# [Dataset content]
[Start of Attachment]

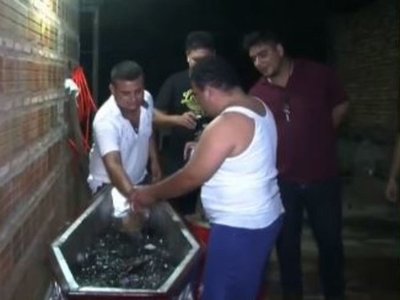 Festejó su cumple con ataúd lleno de cerveza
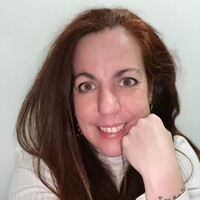 Elena Briones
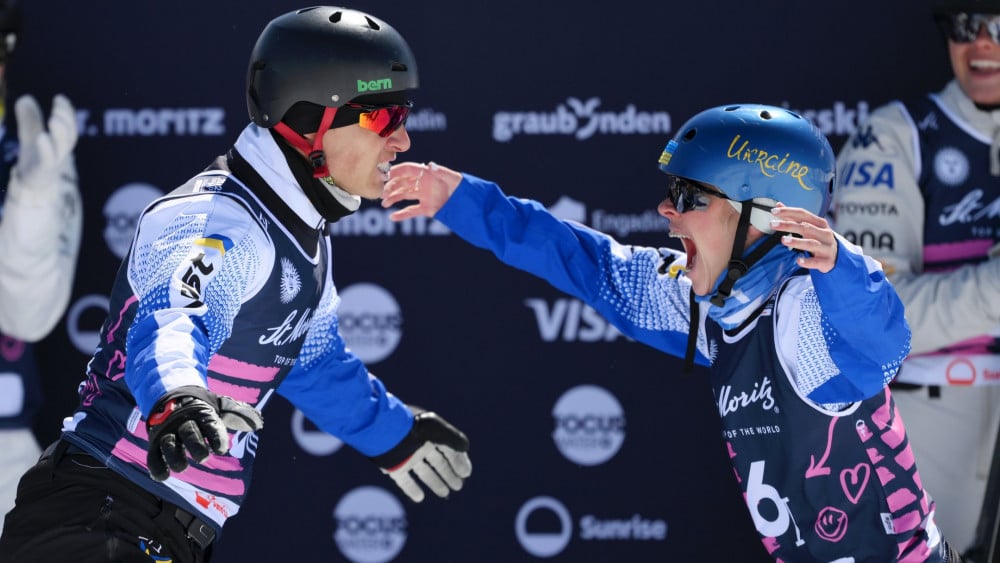 Прикарпатка Ангеліна Брикіна зі збірною України -“срібна” чемпіонка світу з лижної акробатики (ФОТО)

[End of Attachment]

In your copy of the material, every word must match and no image should appear.

 Festejó su cumple con ataúd lleno de cerveza
 Elena Briones
 Прикарпатка Ангеліна Брикіна зі збірною України -“срібна” чемпіонка світу з лижної акробатики (ФОТО)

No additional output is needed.